What is “brand?”
This is a question that’s been asked by many organizations on many occasions, and one that’s been answered—often unsatisfyingly—many, many times.
However, it’s not for lack of trying.
And it’s not that every definition out there is necessarily wrong, either. It’s simply that the idea of “brand” is just that—an idea. And ideas are notoriously difficult to define, let alone codify and agree on.
Of course, that doesn’t mean we should stop trying to define what brand is and is not, because understanding and defining your brand, and thinking about how you’ve arrived at your definition, is crucial to understanding your business.
In his new book, Conquer Your Rebrand: Build a B2B Brand That Customers Love and Competitors Envy, Bill Kenney, co-founder and CEO of Focus Labs, a B2B branding agency that does some truly fantastic brand work, writes this:
“What is brand? Is it your product? Your company mission? Is it your track record of success, or the paper used in your packaging? Is it the way you communicate or the core values of your organization? Is it the products you push out or the culture you celebrate within? Or is it what your customers say it is? The answer is yes—brand is all of the above and more. Your brand is the entire ecosystem around your company that leads to a feeling or perception in the eyes and hearts of your customers.”
Kenny is right, and the idea of brand as ecosystem is one worth considering, because ecosystem is often defined as “a complex network or interconnected system.”
“Interconnected” is a good word to use when describing brand as well.
What I mean is that, boiled down to its essence, a brand is the sum of its parts, and all of these parts are indeed interconnected. They’re also interdependent, because when one component of a brand fails, the entire brand is in jeopardy.
In Conquer Your Rebrand, Kenny also takes a page from the world of classical music and introduces the idea of brand as orchestra, which is an idea I love, and one that I’d like to build on, since it gets to the heart of how I think about brand as well.
He writes, “It takes a full collection of instruments working in harmony to create a compelling sound…Remember, the definition of a brand is predicated on feeling…When a brand is collectively in tune, audiences recognize, relate to, and remember it.”
But what, exactly, is this feeling, and what does it mean to be collectively in tune?
This is where it gets interesting.
Imagine a symphony orchestra.
A symphony is a large-scale musical composition, usually comprised of three or four different movements. An orchestra is a group of musicians playing a variety of instruments organized into sections.
The orchestra plays the symphony.
In this extended metaphor, the orchestra is your brand and the symphony is what your audience hears—the music if you will—which is absorbed and felt and experienced by people who encounter your brand. And when that music hits their ears, they either like the way it makes them feel, or they don’t.
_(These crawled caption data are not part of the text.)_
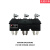 适用于WKCT主电路一次动接插件静插座WKCZ-B-3-125A-250A-400A-630A WKCZ-B-3-125A 静插件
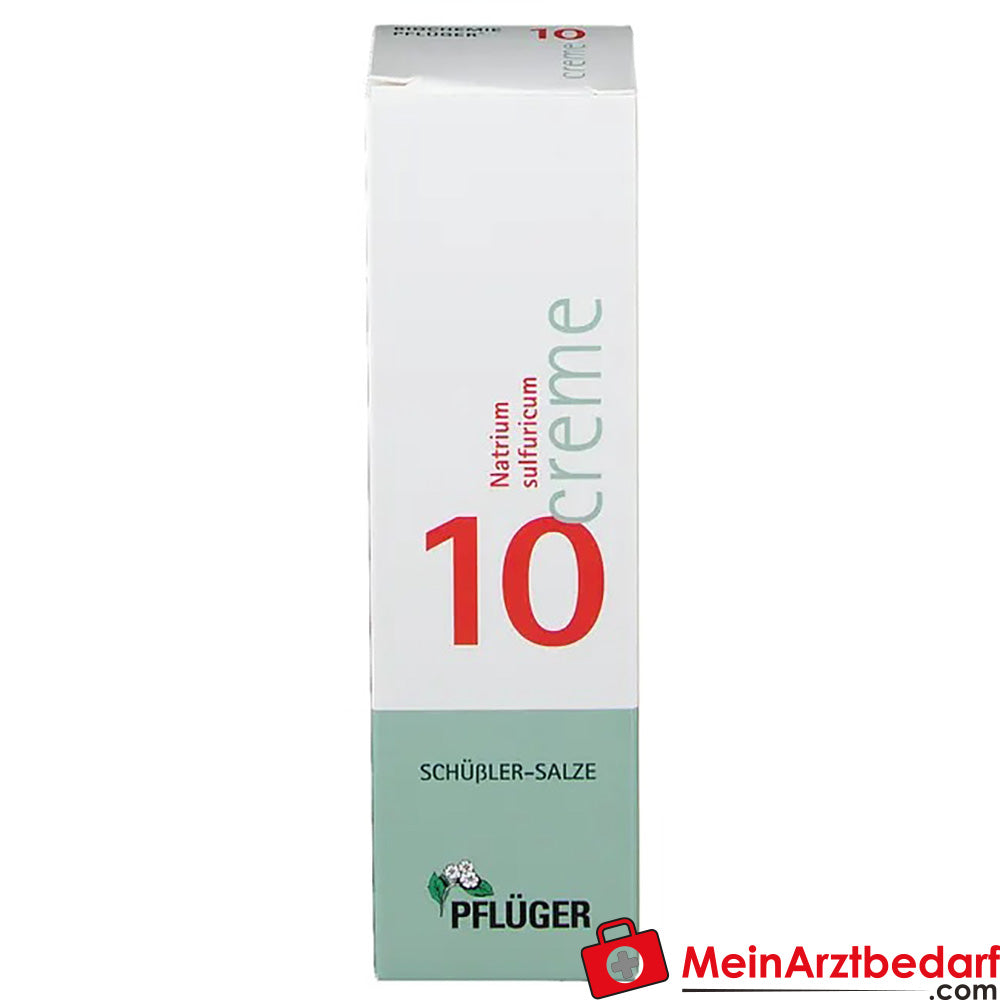 Biochemie Pflüger® Nr. 10 Natrium sulfuricum D4 Creme.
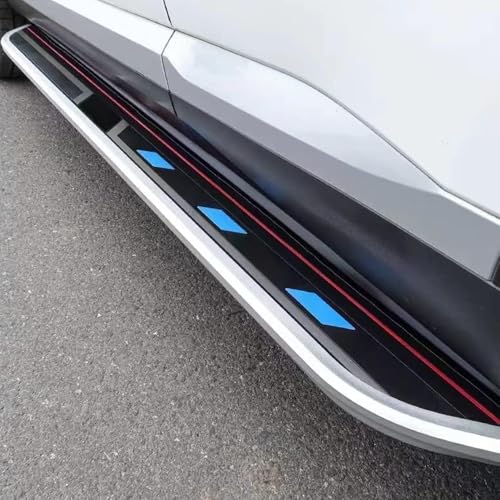 Estribos para VW Volkswagen Atlas 2017-2026, aluminio 2 piezas miniatura 4
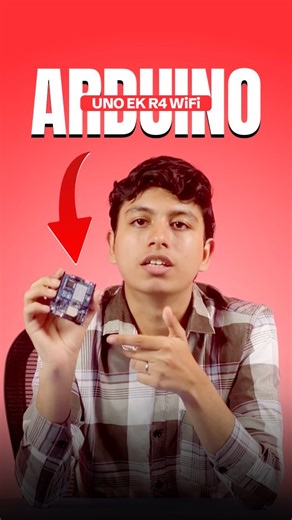 ThinkRobotics on Instagram: "Arduino UNO EK R4 WiFi is more than just an upgrade. It redefines what you can expect from a classic microcontroller board. With 32-bit performance, built-in WiFi and Bluetooth, and expanded hardware capabilities, it is designed for modern robotics, IoT, and maker projects. In this post or video, we explore - 1. Why the UNO R4 WiFi 32-bit microcontroller and wireless connectivity matter for today’s IoT and robotics applications. 2. How the built-in 12 by 8 LED matrix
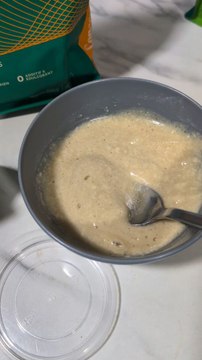 Découverte de l'année 2025 🏽 whey vanille+ compote de pommes whey sans sucre ni édulcorants ❤️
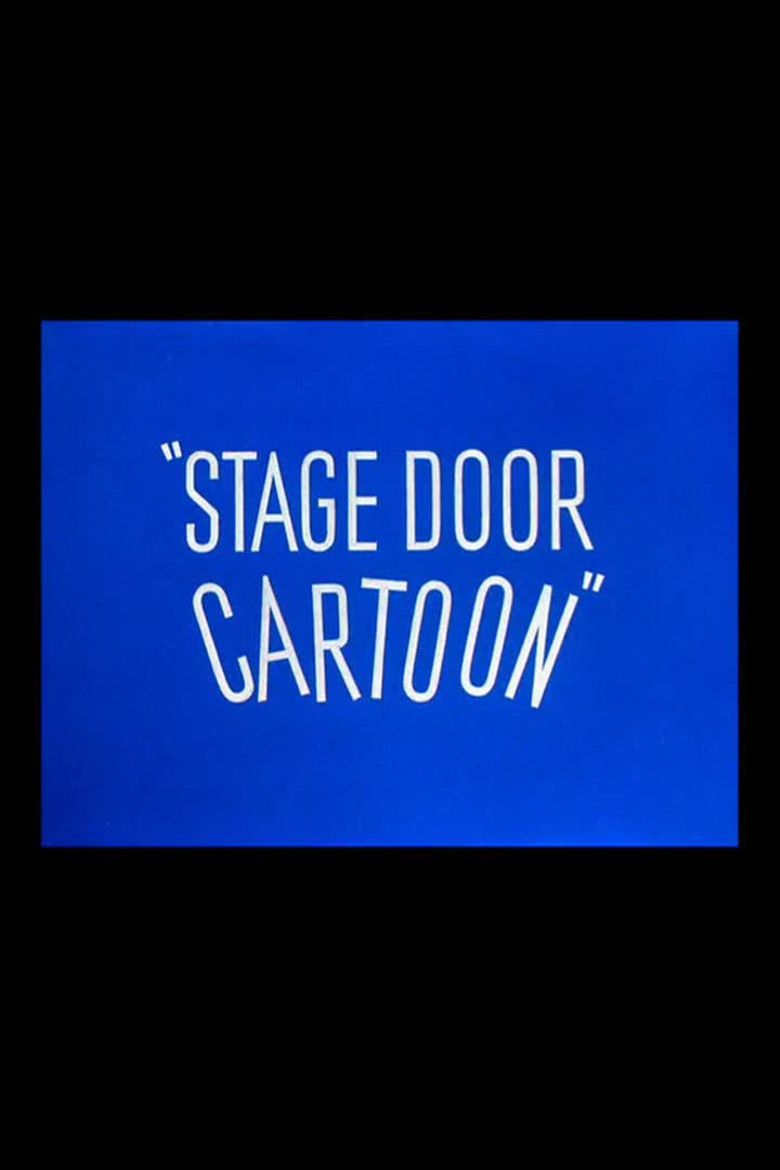 Stage Door Cartoon movie poster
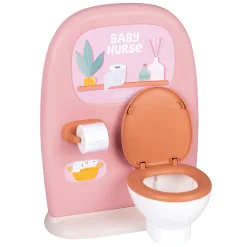 Baby Nurse Toilet Doll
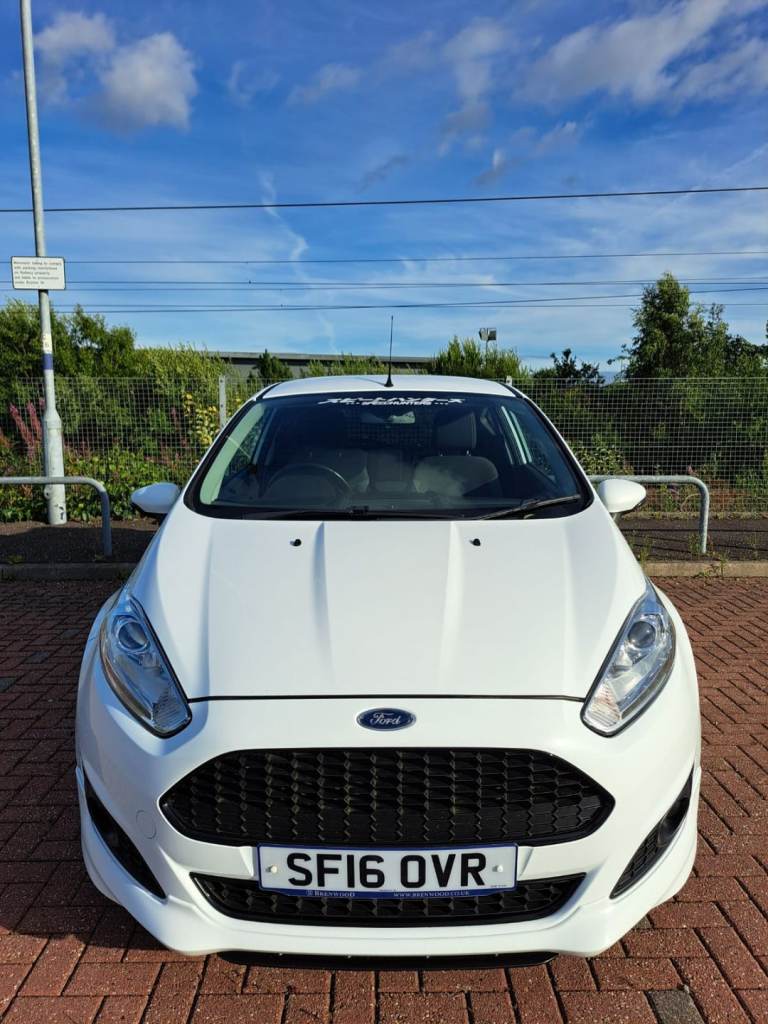 FORD, FIESTA, ZETEC S, 140BHP, 2016, Manual, 998 (cc), 3 doors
Your music moves them, or it doesn’t.
But what’s important here is not that everyone loves, or even likes, the symphony your brand is playing. What’s important is that your orchestra is playing the symphony you’ve composed, the music you’ve decided to play, the sound that defines you—and only you.
It’s useful to think about the instruments themselves, too.
The instruments in an orchestra are grouped into four sections, and each of these sections—strings, woodwinds, brass, percussion—represent the four components of your brand—your strategy, verbal identity, visual identity, and customer experience.
If each of those sections of the orchestra are playing instruments that are out of tune, as Kenny might say, or if they’re not in sync, as I might say—or worse, if they’re playing another symphony altogether—then what your audience is experiencing isn’t music, it is simply noise.
And I think you’ll agree that we have enough of that in our lives as it is.
I want to add one last concept to this metaphor before I play the finale. (Pun intended.)
Picture the conductor of the orchestra holding his or her baton, standing on a podium in front of the musicians, surveying the scene.
When you engage in a rebrand, the conductor is the role your agency plays. They help you select the music and tune your instruments. They guide you through rehearsal. And when it’s time for the world to hear your symphony, by which I mean launch your brand, they give you the signal to begin.
When you consider a brand that you love—whether it’s Nike or Ford or Hermes or Progressive Insurance—you’re occupying a seat in the symphony hall of an orchestra playing the music that moves you. It’s a powerful and enjoyable and—at times—enviable experience.
What it’s not, though, is the byproduct of chance.
Like good music, brands are made when talented people come together and endeavor to create something meaningful, and with intention.
It’s those specific choices to tune the instruments and polish the brass and rehearse the symphony that creates the magic of music, the magic of brand.
“Brand is predicated on a feeling,” Kenny wrote.
The feeling you get when you hear a song you love.